6% Of 2003 University Graduates Located O'seas
0 December 2004
Six Per Cent Of 2003 University Graduates Located Overseas
A relatively low proportion of university graduates report an overseas destination in an annual survey carried out by the country’s eight universities.
A total of 586 New Zealand graduates out of 10,136 who responded to the 2004 NZ Vice-Chancellors’ Committee University Graduate Destinations Survey reported being overseas approximately six months after becoming eligible to graduate.
Of the 10,136 New Zealand respondents to the survey, 59 per cent reported full-time employment in this country with a further 23 per cent continuing full-time study here. The proportion of respondents overseas was six per cent.

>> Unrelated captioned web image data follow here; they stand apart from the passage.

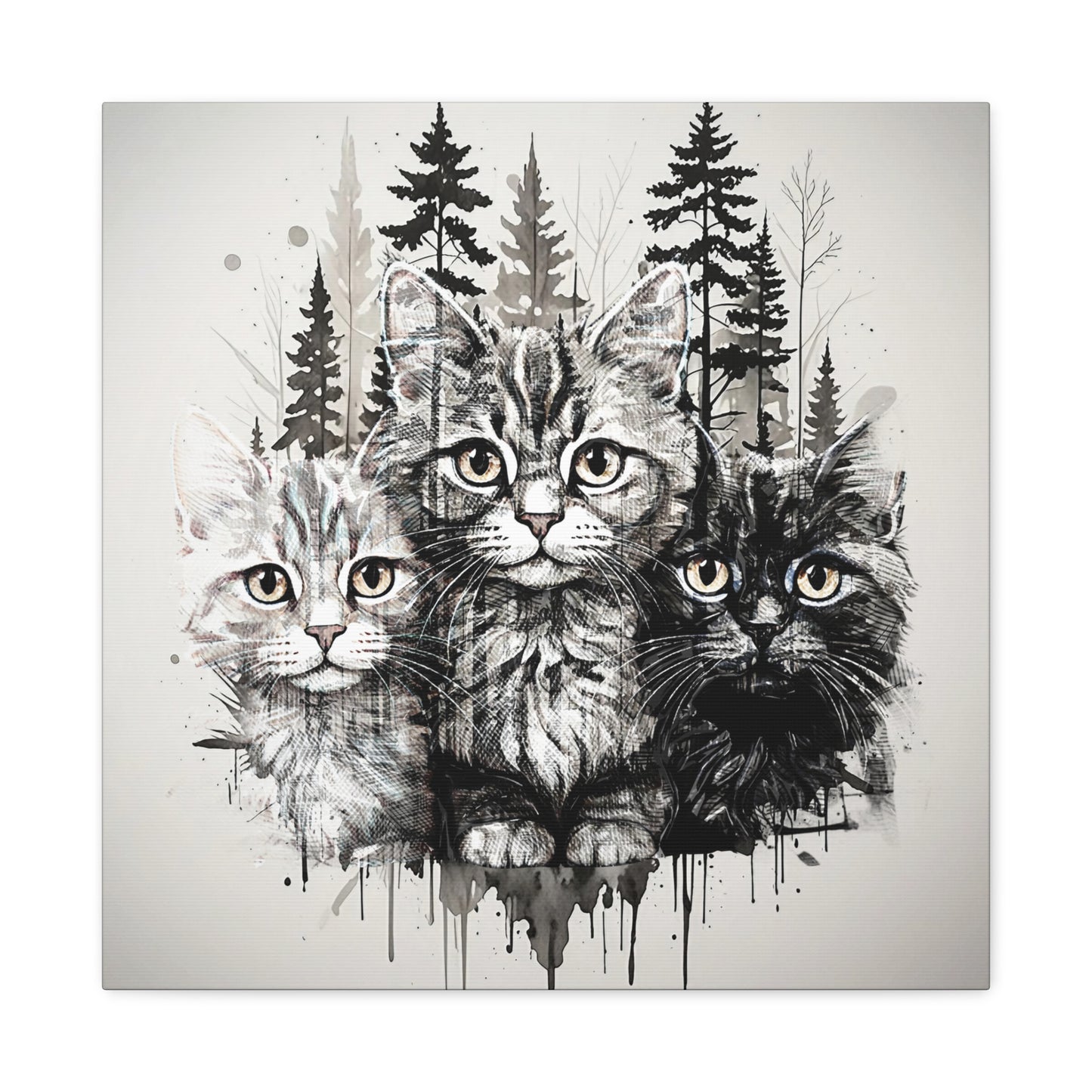 Cat Portrait Canvas Art - Whimsical Feline Wall Decor for Cat Lovers
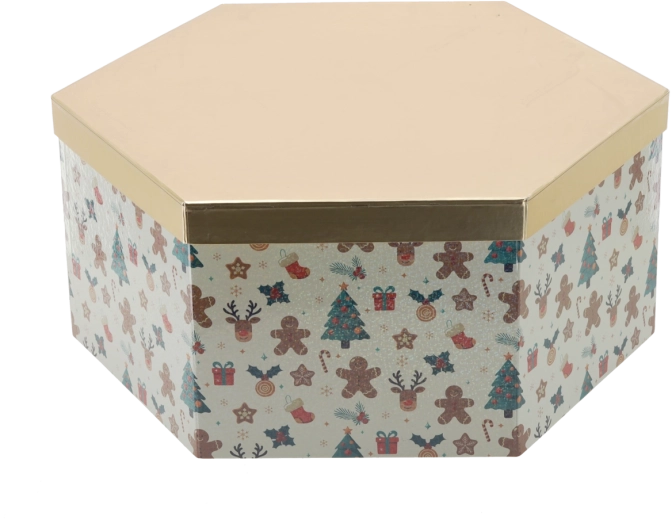 Božična darilna škatla šesterokotnik z zlatim pokrovom 36 × 31 × 14 cm - 1 kos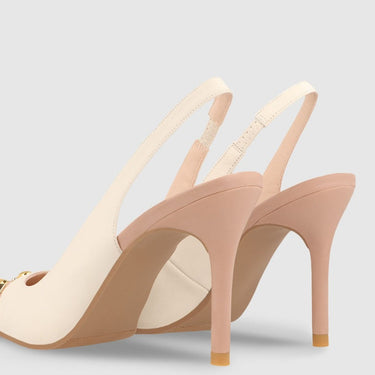 Lodi Sation Studded Sling Back Stiletto Shoes - Nude Pink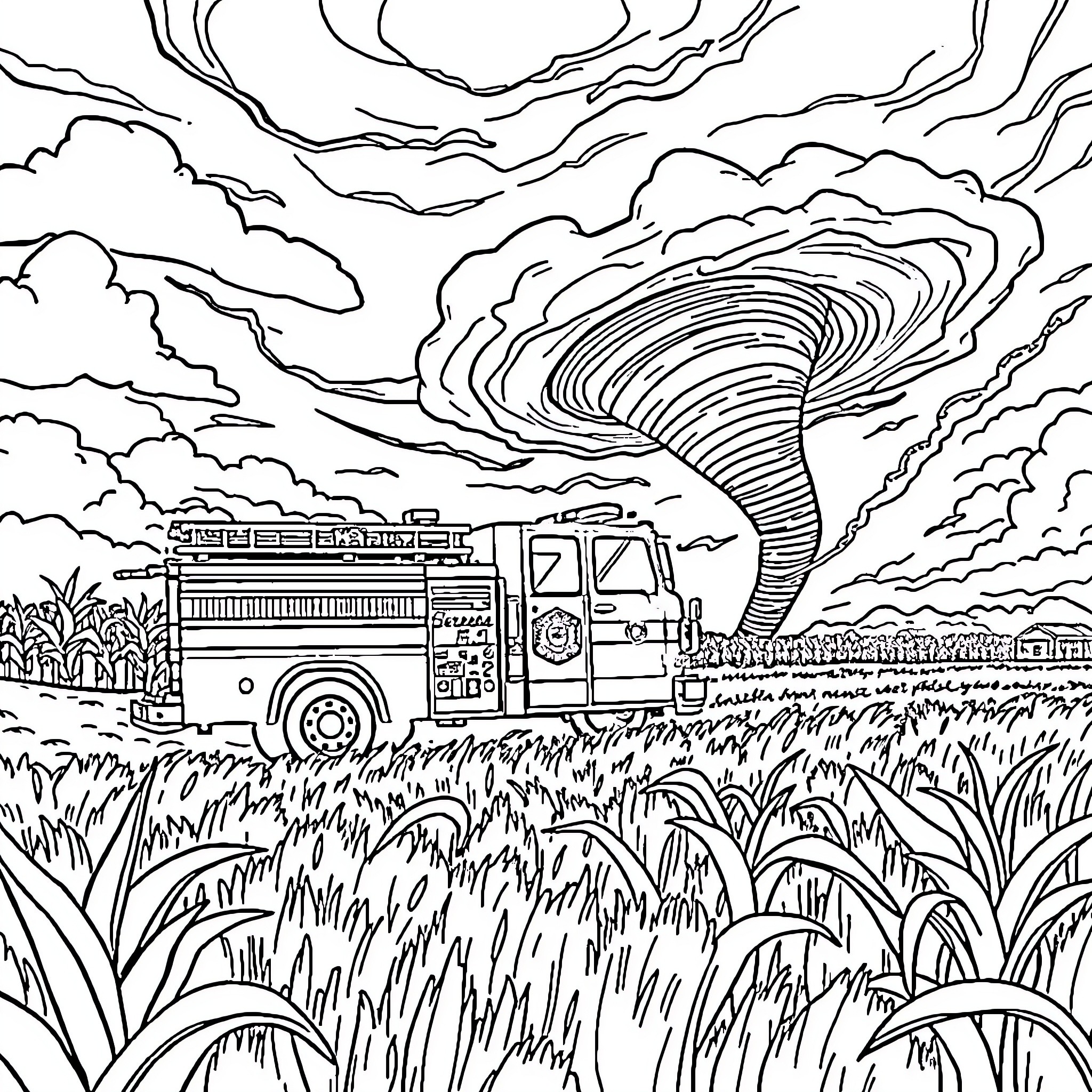 Fire Truck responding to a storm in the countryside Coloring Page (free black-and-white line drawing printable PDF for all, from beginners to advanced learners, including children, teens, adults, and seniors)
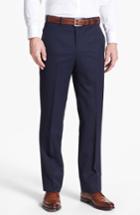 Men's Jb Britches Flat Front Worsted Wool Trousers R - Blue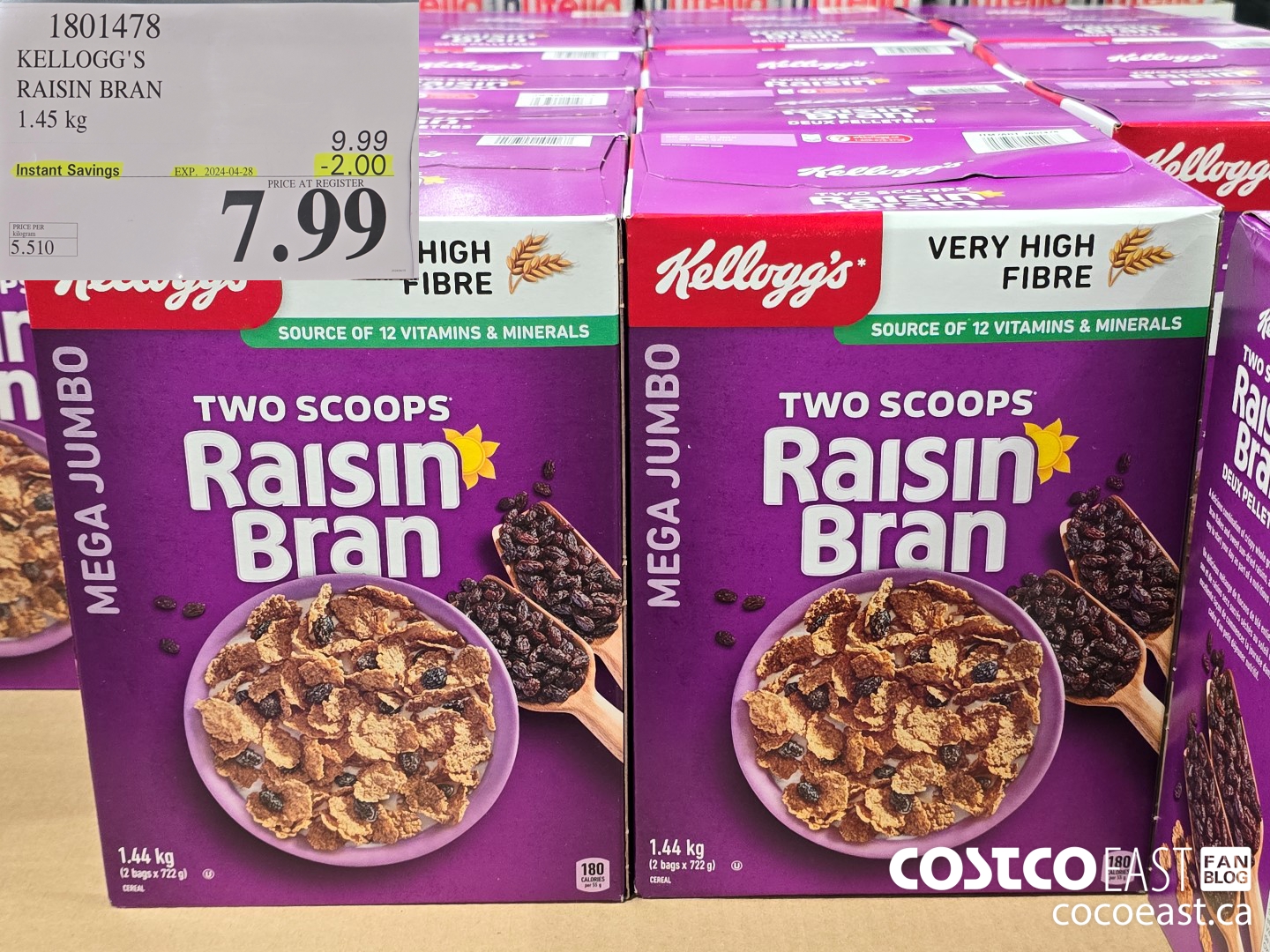 1801478 KELLOGG'S RAISIN BRAN 1.45 kg ($2.00 INSTANT SAVINGS EXPIRES ON 2024-04-28) $7.99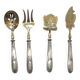 Old sweet dessert service 4 pieces silver embossed minerva hallmark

Of the 586 graduates reporting an overseas location, 365 were employed full-time, 81 studying full-time and 88 neither employed nor studying. The balance were either working or studying part-time, some of them reporting both destinations.
The survey, which has been running since 1973, asks university graduates to identify their circumstances in regard to their location, full-time and part-time employment, full-time and part-time study and whether they are seeking employment on a full-time or part-time basis.
The 2004 survey questionnaire was mailed to the 28,973 students who became eligible to graduate from a New Zealand university during 2003. Of those graduates, 3437 were classified as “international” in that they required a permit to study in this country. The survey response rate for New Zealand graduates was 40 per cent and for international graduates, 21 per cent.
As far as the overseas destination is concerned, the results of the 2004 survey mirror those from 2003 and indeed have not changed greatly since 2000. In 2003, 566 New Zealand respondents (six per cent) reported being overseas while the equivalent number from the 2000 survey was 640 (seven per cent).
Full findings from the 2004 NZVCC University Graduate Destinations Survey will be published in report form shortly, in both hard copy and downloadable electronic formats.